[SOURCE RECORDS Boundary: Start]
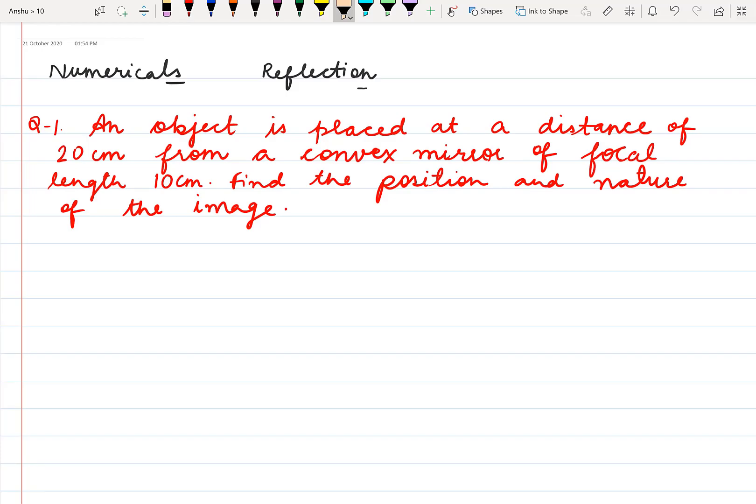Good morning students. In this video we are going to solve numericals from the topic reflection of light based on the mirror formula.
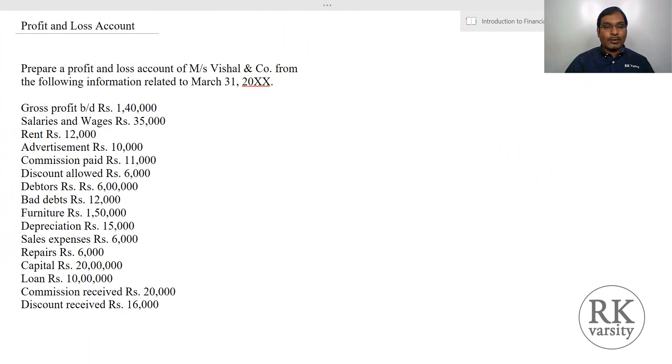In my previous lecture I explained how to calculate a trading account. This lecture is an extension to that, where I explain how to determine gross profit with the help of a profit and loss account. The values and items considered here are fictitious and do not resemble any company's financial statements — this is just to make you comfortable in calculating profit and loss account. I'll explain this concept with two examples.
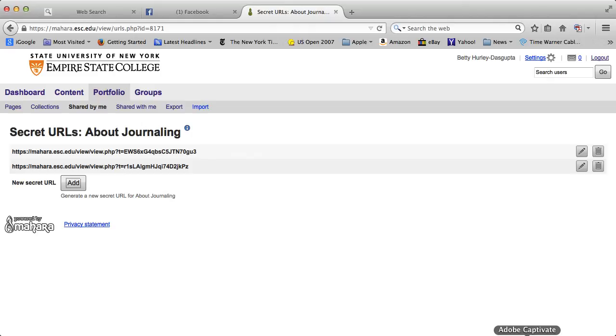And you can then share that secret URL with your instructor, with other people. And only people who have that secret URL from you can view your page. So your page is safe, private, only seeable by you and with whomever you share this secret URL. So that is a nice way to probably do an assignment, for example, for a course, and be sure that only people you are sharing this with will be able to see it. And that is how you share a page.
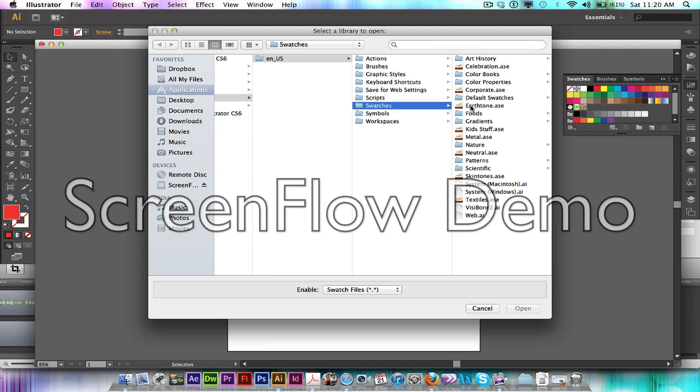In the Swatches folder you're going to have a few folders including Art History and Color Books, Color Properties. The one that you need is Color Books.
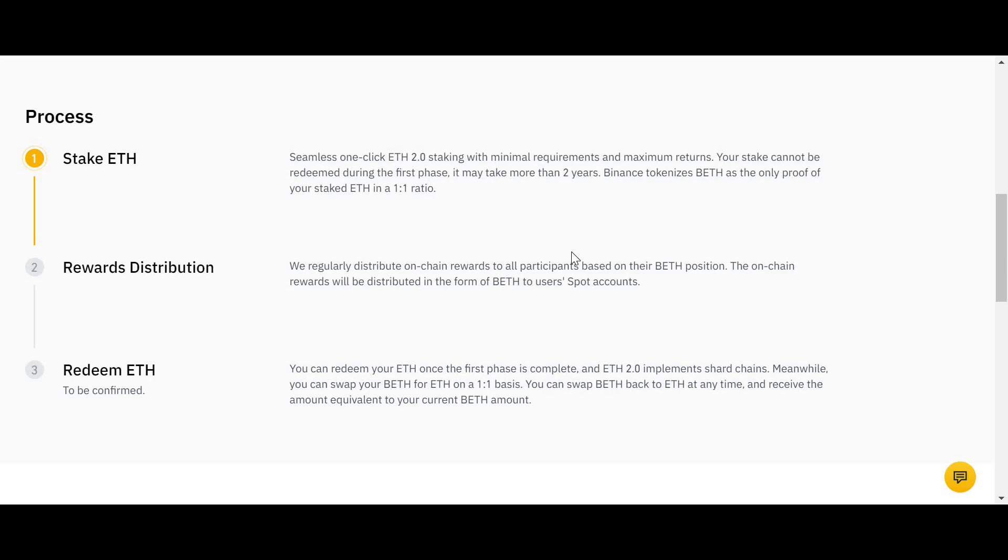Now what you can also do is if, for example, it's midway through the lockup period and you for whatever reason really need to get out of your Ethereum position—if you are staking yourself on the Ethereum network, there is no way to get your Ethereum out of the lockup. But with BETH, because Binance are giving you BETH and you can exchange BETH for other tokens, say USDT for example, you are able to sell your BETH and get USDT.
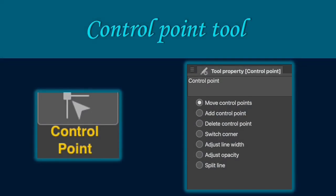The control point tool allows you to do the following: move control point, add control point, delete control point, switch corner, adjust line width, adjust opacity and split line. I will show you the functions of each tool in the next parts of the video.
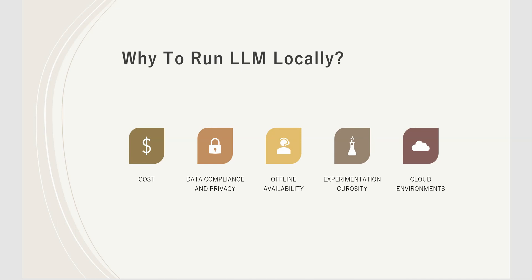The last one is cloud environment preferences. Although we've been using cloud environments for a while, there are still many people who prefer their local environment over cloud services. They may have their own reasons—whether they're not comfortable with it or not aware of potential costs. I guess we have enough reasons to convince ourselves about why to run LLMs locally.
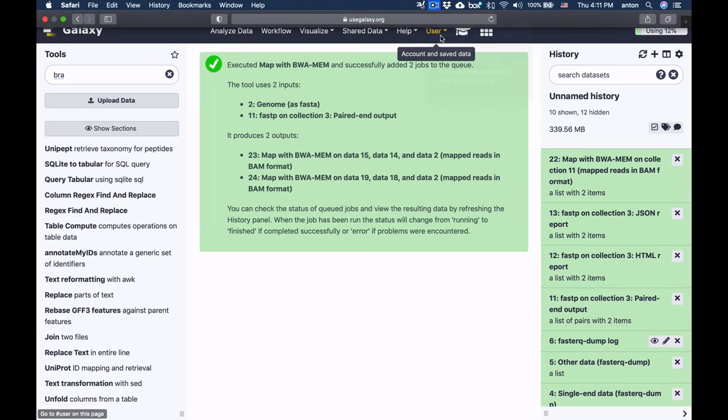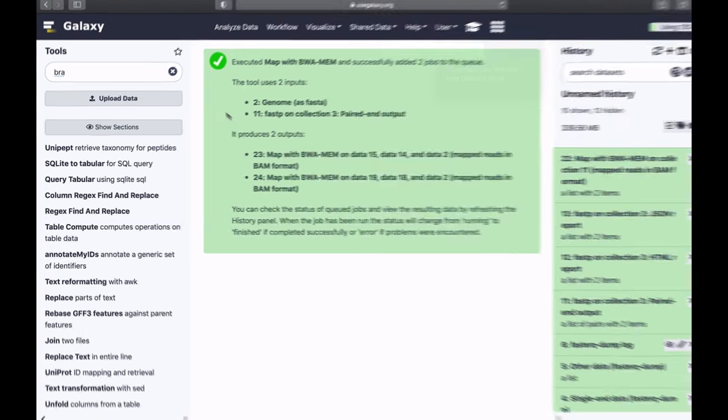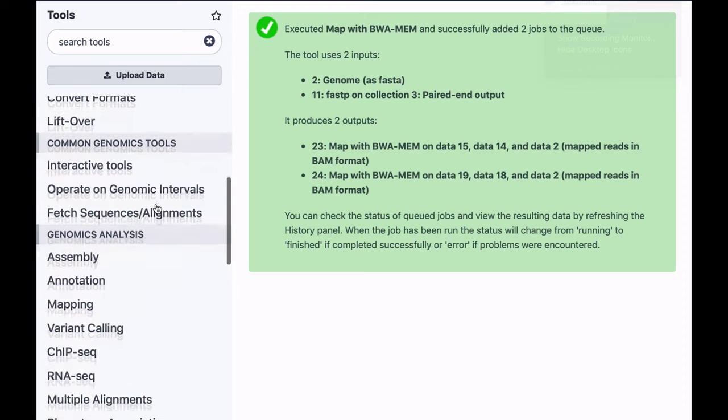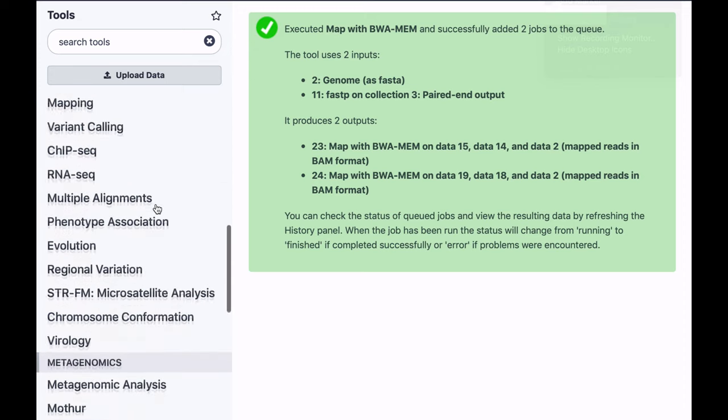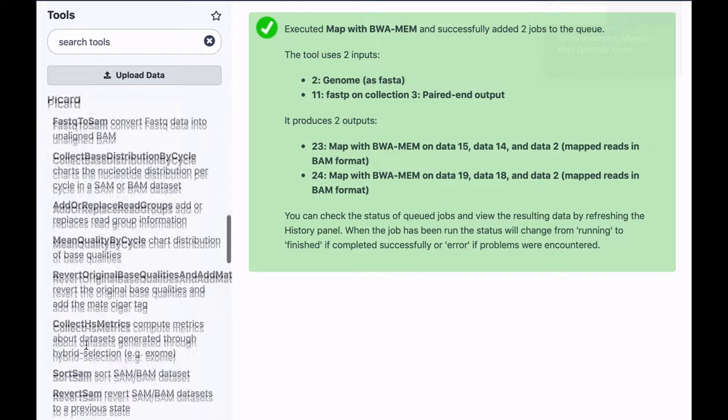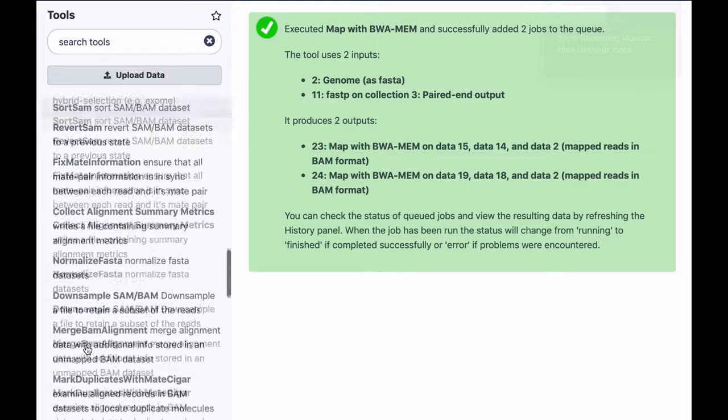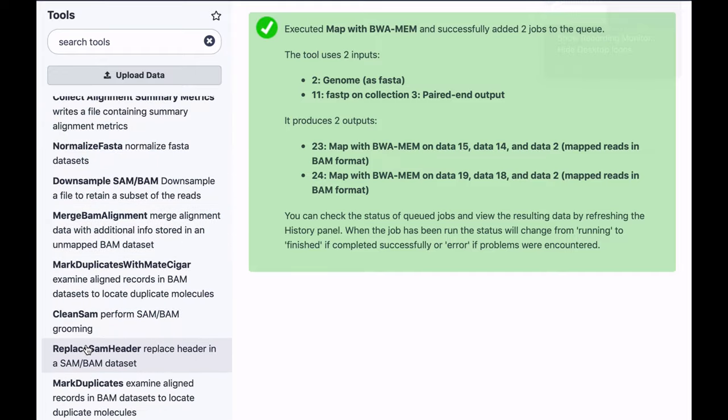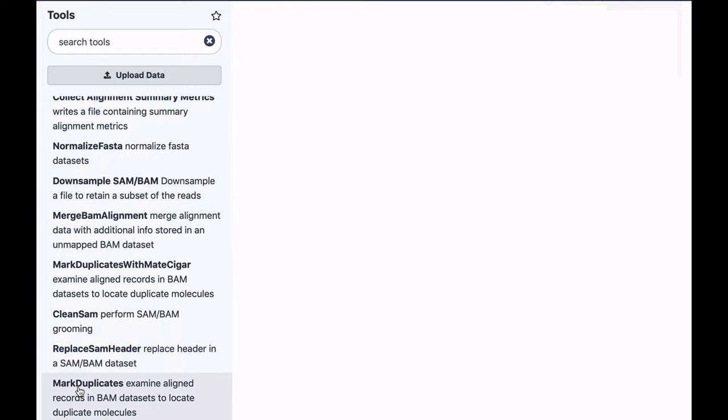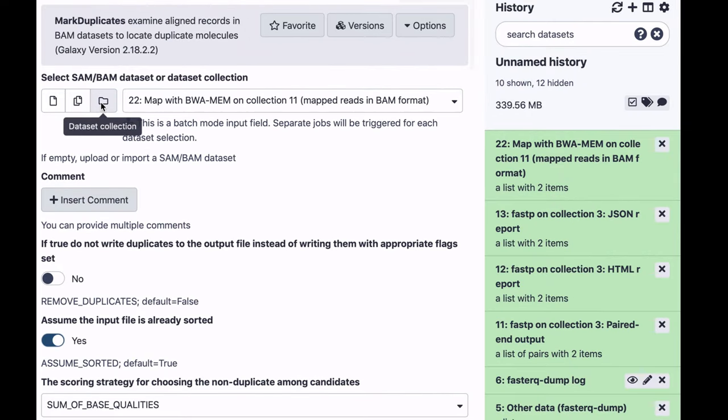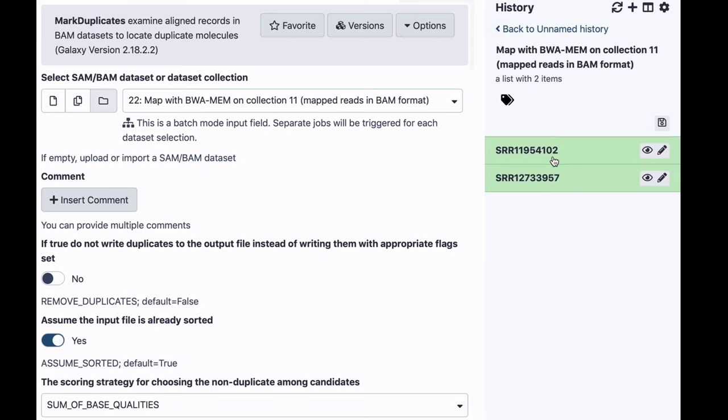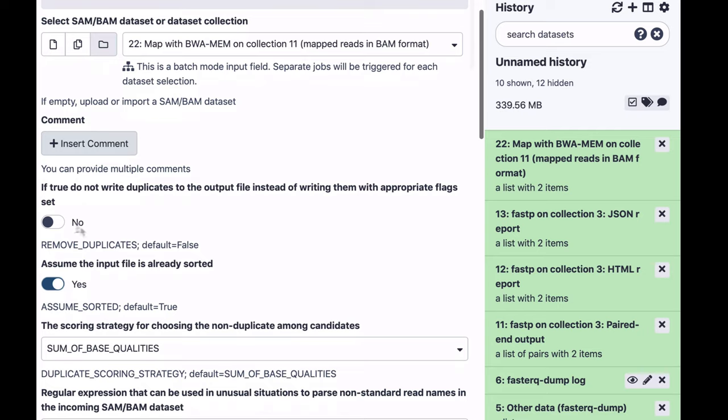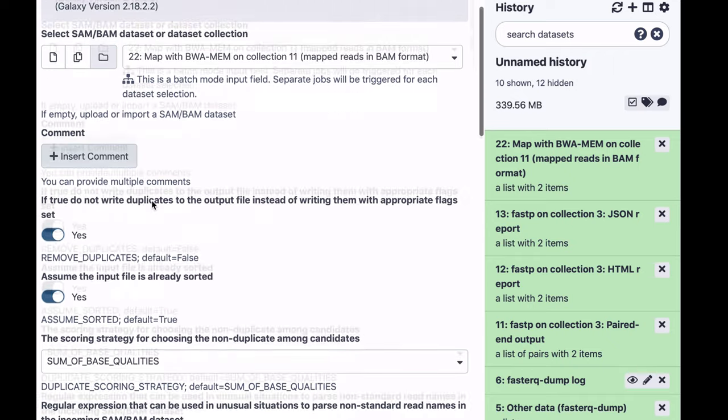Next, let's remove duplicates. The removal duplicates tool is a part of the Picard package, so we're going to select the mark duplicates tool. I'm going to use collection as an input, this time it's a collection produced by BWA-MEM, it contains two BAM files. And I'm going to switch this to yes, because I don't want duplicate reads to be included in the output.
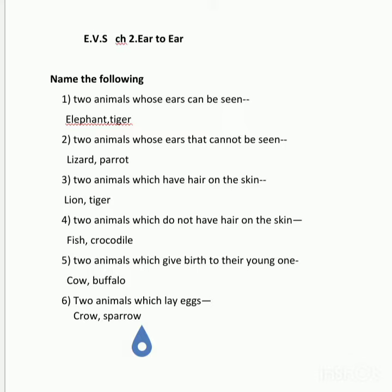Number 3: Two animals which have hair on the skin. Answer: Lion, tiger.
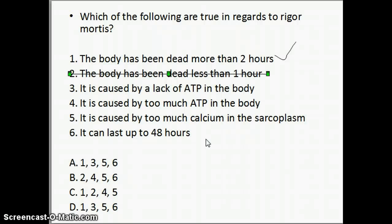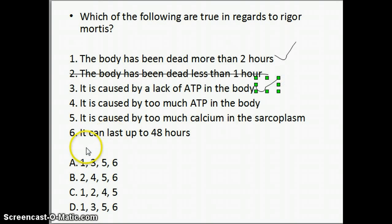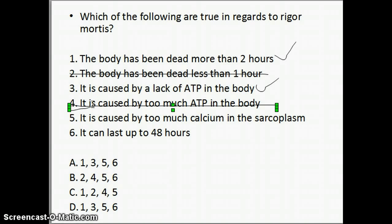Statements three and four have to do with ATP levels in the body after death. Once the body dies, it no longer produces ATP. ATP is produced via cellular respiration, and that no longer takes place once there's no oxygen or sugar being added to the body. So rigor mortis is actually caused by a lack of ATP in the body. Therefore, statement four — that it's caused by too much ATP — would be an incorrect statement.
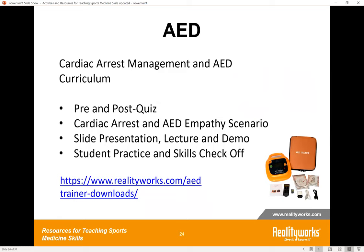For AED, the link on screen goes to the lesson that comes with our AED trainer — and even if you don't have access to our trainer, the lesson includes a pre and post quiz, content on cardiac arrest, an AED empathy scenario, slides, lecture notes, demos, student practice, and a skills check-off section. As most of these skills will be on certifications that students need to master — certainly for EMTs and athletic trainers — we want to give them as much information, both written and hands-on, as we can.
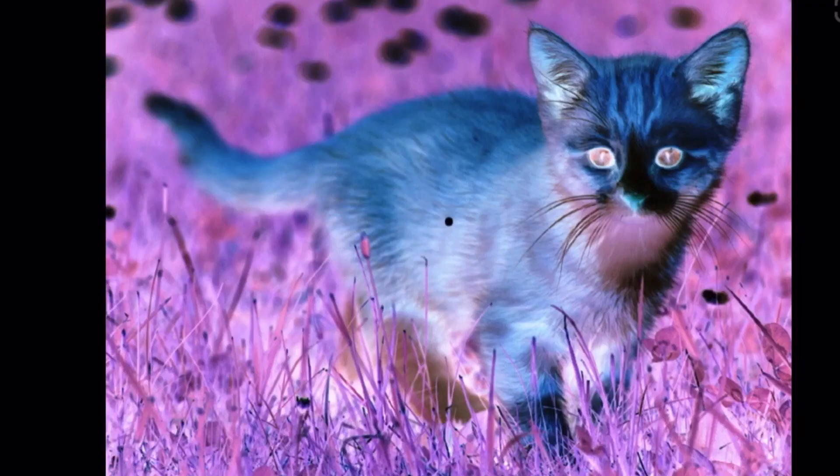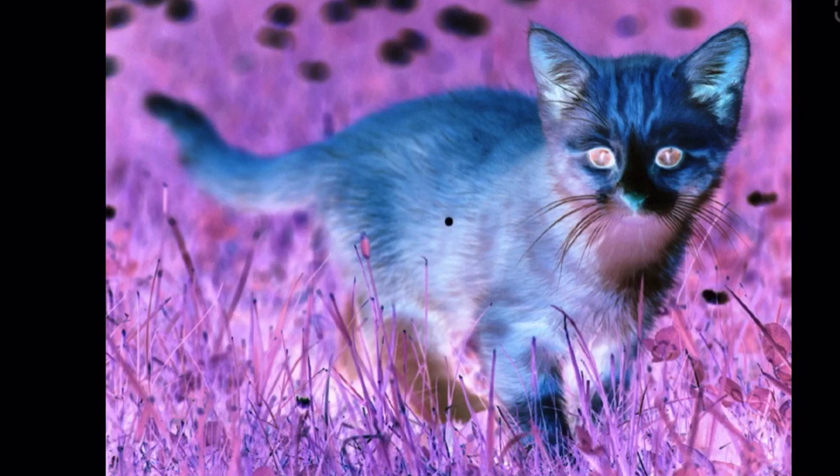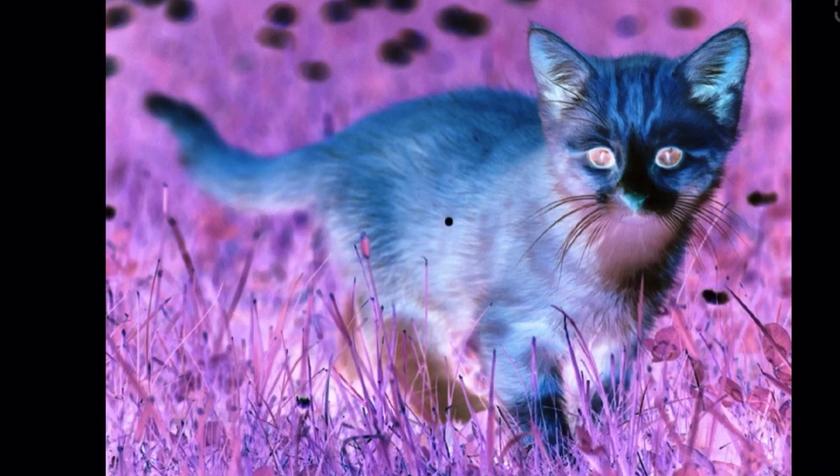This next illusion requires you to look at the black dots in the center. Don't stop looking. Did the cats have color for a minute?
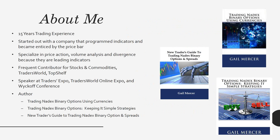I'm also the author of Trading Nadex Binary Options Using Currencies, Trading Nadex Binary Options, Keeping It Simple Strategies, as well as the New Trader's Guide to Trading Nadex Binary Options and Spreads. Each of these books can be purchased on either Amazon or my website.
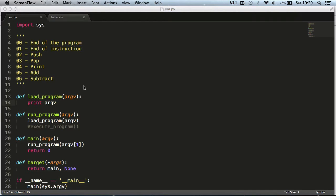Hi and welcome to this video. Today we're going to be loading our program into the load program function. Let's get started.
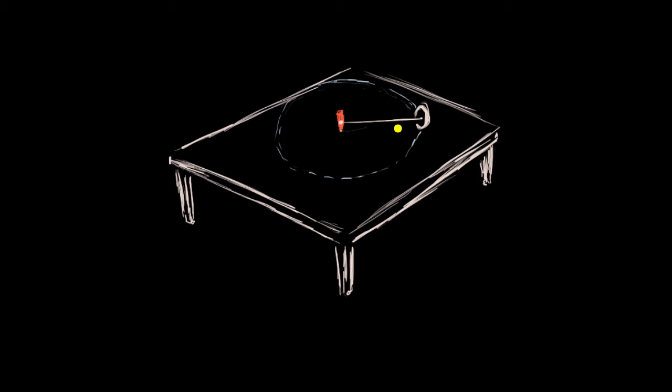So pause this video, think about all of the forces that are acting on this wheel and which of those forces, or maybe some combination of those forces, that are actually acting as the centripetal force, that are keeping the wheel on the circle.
[SOURCE RECORDS Boundary: End]
• _DESCRIPTION OF THE TASK_: Output the listing exactly, pictures excluded.

• _ANSWER BELOW_:
Good morning students. In this video we are going to solve numericals from the topic reflection of light based on the mirror formula.
In my previous lecture I explained how to calculate a trading account. This lecture is an extension to that, where I explain how to determine gross profit with the help of a profit and loss account. The values and items considered here are fictitious and do not resemble any company's financial statements — this is just to make you comfortable in calculating profit and loss account. I'll explain this concept with two examples.
And you can then share that secret URL with your instructor, with other people. And only people who have that secret URL from you can view your page. So your page is safe, private, only seeable by you and with whomever you share this secret URL. So that is a nice way to probably do an assignment, for example, for a course, and be sure that only people you are sharing this with will be able to see it. And that is how you share a page.
In the Swatches folder you're going to have a few folders including Art History and Color Books, Color Properties. The one that you need is Color Books.
Now what you can also do is if, for example, it's midway through the lockup period and you for whatever reason really need to get out of your Ethereum position—if you are staking yourself on the Ethereum network, there is no way to get your Ethereum out of the lockup. But with BETH, because Binance are giving you BETH and you can exchange BETH for other tokens, say USDT for example, you are able to sell your BETH and get USDT.
The control point tool allows you to do the following: move control point, add control point, delete control point, switch corner, adjust line width, adjust opacity and split line. I will show you the functions of each tool in the next parts of the video.
The last one is cloud environment preferences. Although we've been using cloud environments for a while, there are still many people who prefer their local environment over cloud services. They may have their own reasons—whether they're not comfortable with it or not aware of potential costs. I guess we have enough reasons to convince ourselves about why to run LLMs locally.
Next, let's remove duplicates. The removal duplicates tool is a part of the Picard package, so we're going to select the mark duplicates tool. I'm going to use collection as an input, this time it's a collection produced by BWA-MEM, it contains two BAM files. And I'm going to switch this to yes, because I don't want duplicate reads to be included in the output.
Number 3: Two animals which have hair on the skin. Answer: Lion, tiger.
Statements three and four have to do with ATP levels in the body after death. Once the body dies, it no longer produces ATP. ATP is produced via cellular respiration, and that no longer takes place once there's no oxygen or sugar being added to the body. So rigor mortis is actually caused by a lack of ATP in the body. Therefore, statement four — that it's caused by too much ATP — would be an incorrect statement.
For AED, the link on screen goes to the lesson that comes with our AED trainer — and even if you don't have access to our trainer, the lesson includes a pre and post quiz, content on cardiac arrest, an AED empathy scenario, slides, lecture notes, demos, student practice, and a skills check-off section. As most of these skills will be on certifications that students need to master — certainly for EMTs and athletic trainers — we want to give them as much information, both written and hands-on, as we can.
This next illusion requires you to look at the black dots in the center. Don't stop looking. Did the cats have color for a minute?
I'm also the author of Trading Nadex Binary Options Using Currencies, Trading Nadex Binary Options, Keeping It Simple Strategies, as well as the New Trader's Guide to Trading Nadex Binary Options and Spreads. Each of these books can be purchased on either Amazon or my website.
Hi and welcome to this video. Today we're going to be loading our program into the load program function. Let's get started.
So pause this video, think about all of the forces that are acting on this wheel and which of those forces, or maybe some combination of those forces, that are actually acting as the centripetal force, that are keeping the wheel on the circle.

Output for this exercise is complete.